When you install the TestNG Eclipse plugin, you get a TestNG Results perspective/view. After you run a suite or class:

1. Console Output

  • You’ll see TestNG’s execution summary: total methods run, passed, failed, skipped, and total time.
  • Example footer:

    ===============================================

    Default Suite

    Total tests run: 5, Failures: 1, Skips: 0

    ===============================================

    2. TestNG Results View

    • Open via Window → Show View → Other… → TestNG → TestNG Results
    • Shows a tree of <suite> → <test> → <class> → <method>, color-coded (green/red/grey).
    • Clicking a method shows its stack trace (on failure) or log output.

    3. “Report” Section

    • In the same view you’ll find a Report tab, which renders a quick HTML snapshot of your results (pie chart of pass/fail, method list).
    • It’s purely in-Eclipse; you don’t need to open an external browser.

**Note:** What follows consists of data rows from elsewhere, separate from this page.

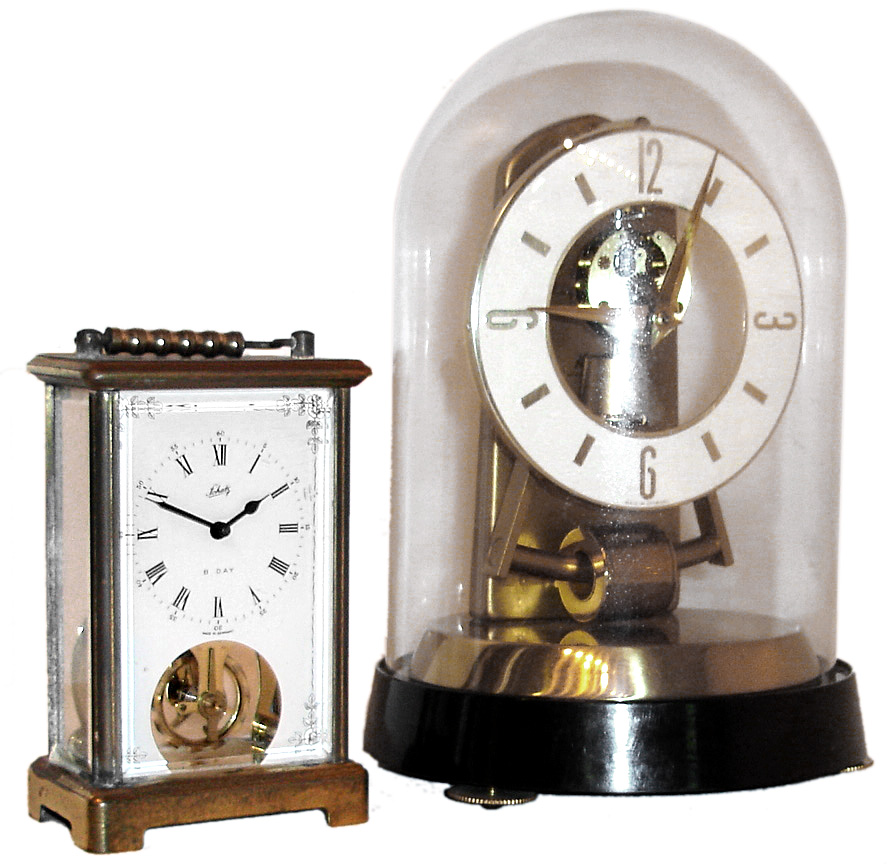 Clocks- 2 (Two) German brass and glass novelty clocks, Kundo Electronic and Schatz carriage, later 20th century — Antique Clocks Price Guide
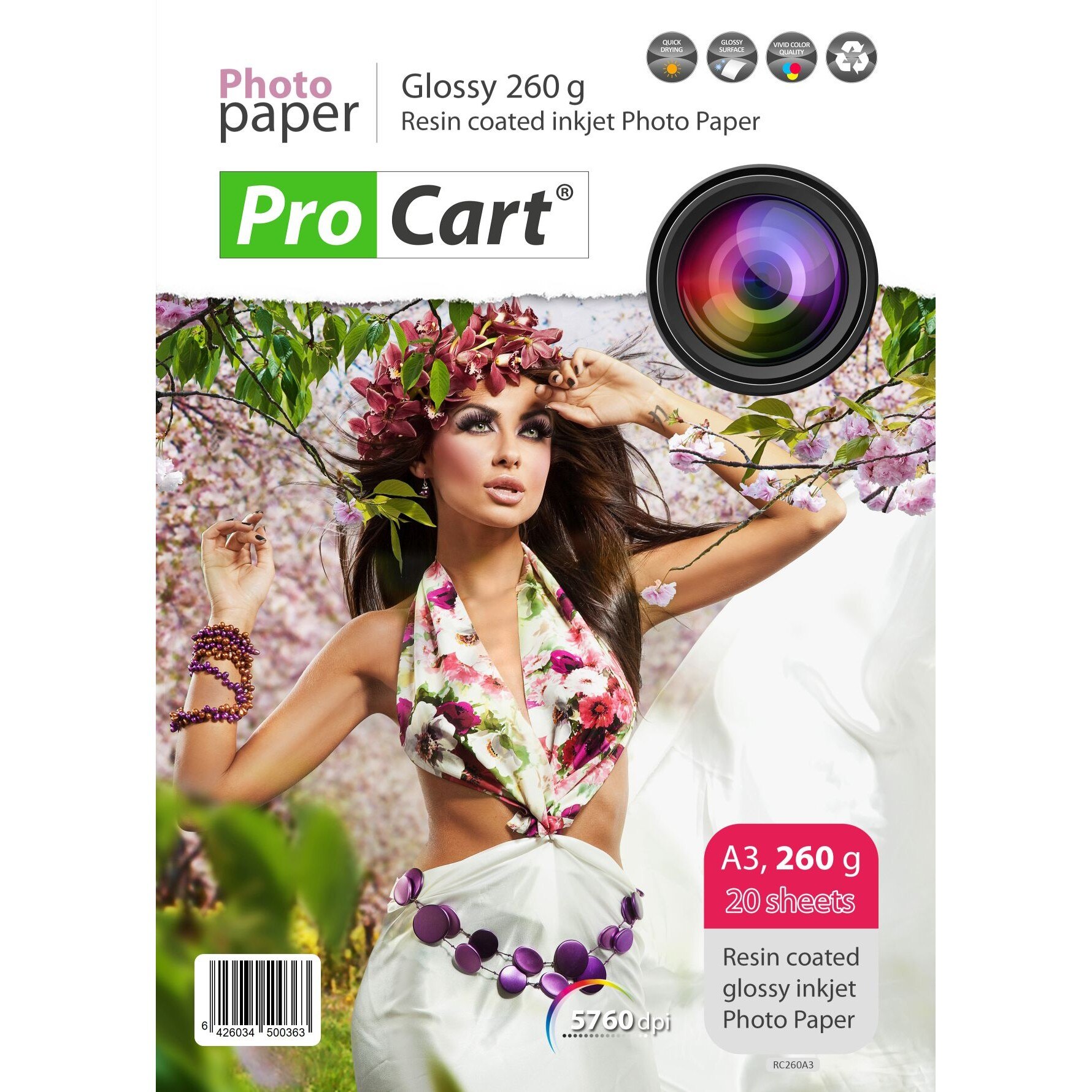 Hartie Foto ProCart RC High Glossy 260g/m2, A3, 20 coli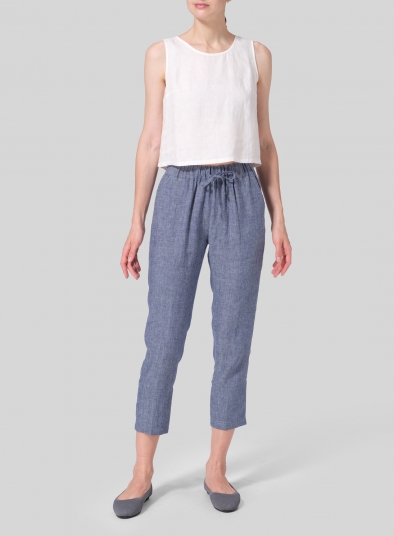 Linen Low Rise Narrow-Leg Cropped Pants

      2. The Console Report

      Every TestNG run emits a plain-text report to the Eclipse console by default:

      • Start banner: suite and test names, thread info
      • Per-test logging: whatever your @Before…/@Test methods System.out.println or Reporter.log(…, true)
      • End summary:

      ===============================================

      SuiteName

      Total tests run: 10, Pass: 9, Failures: 1, Skips: 0

      ===============================================

      You can adjust verbosity with <suite parallel=”…” verbose=”2″> in your testng.xml (higher verbose gives more detail).

      3. Emailable Report

      TestNG automatically creates an emailable report (HTML) in your project’s test-output folder:

      • Path: project-root/test-output/emailable-report.html
      • Content: a simple table of all test methods (status, start/end times, exception stack traces).
      • How to view:

      Run your tests.

      In Eclipse’s Package Explorer, expand the project → test-output → double-click emailable-report.html.

      It opens in Eclipse’s HTML editor or external browser.

      4. Index Report

      In the same test-output directory you’ll also find:

      • index.html – a dashboard-style entry point.
      • It links to:

      emailable-report.html

      index-results.html (detailed per-suite report)

      individual method/class logs

      • Open index.html the same way—this gives you a richer navigation tree and embedded charts.

      5. Custom Logging with Reporter

      If you want to inject your own messages into these HTML reports (and the console), use TestNG’s Reporter API:

      import org.testng.Reporter;
      
      import org.testng.annotations.Test;
      
      public class ReporterExample {
      
        @Test
      
        public void exampleTest() {
      
          Reporter.log("→ Starting exampleTest()", true);
      
          // … test steps …
      
          boolean passed = /* your validation */;
      
          Reporter.log("→ Validation result: " + (passed ? "PASS" : "FAIL"), true);
      
          assert passed : "Check failed!";
      
        }
      
      }

      • Reporter.log(String msg, boolean toConsole)

      When toConsole=true, it also prints to the Eclipse console.

      Regardless, it’s captured in emailable-report.html under the “Reporter output” column.

      6. Advanced: Custom Reporters & Listeners

      If you need more than the built-ins, TestNG lets you hook in:

      • IReporter to generate completely custom HTML/PDF.
      • IInvokedMethodListener or ITestListener to capture screenshots or write to Log4J.

      You register these either via @Listeners on your classes or in testng.xml:

      <suite name="MySuite">
      
        <listeners>
      
          <listener class-name="com.example.MyCustomReporter"/>
      
        </listeners>
      
        …
      
      </suite>

      Quick Recap

      • Eclipse Dashboard: TestNG Results view + console summary.
      • Emailable Report: test-output/emailable-report.html – email-friendly table.
      • Index Report: test-output/index.html – interactive dashboard with links and charts.
      • Reporter API: Reporter.log(…) to add custom messages to both console and HTML.

      With these you can both view and enhance TestNG’s built-in reporting right inside Eclipse (or any CI/CD pipeline).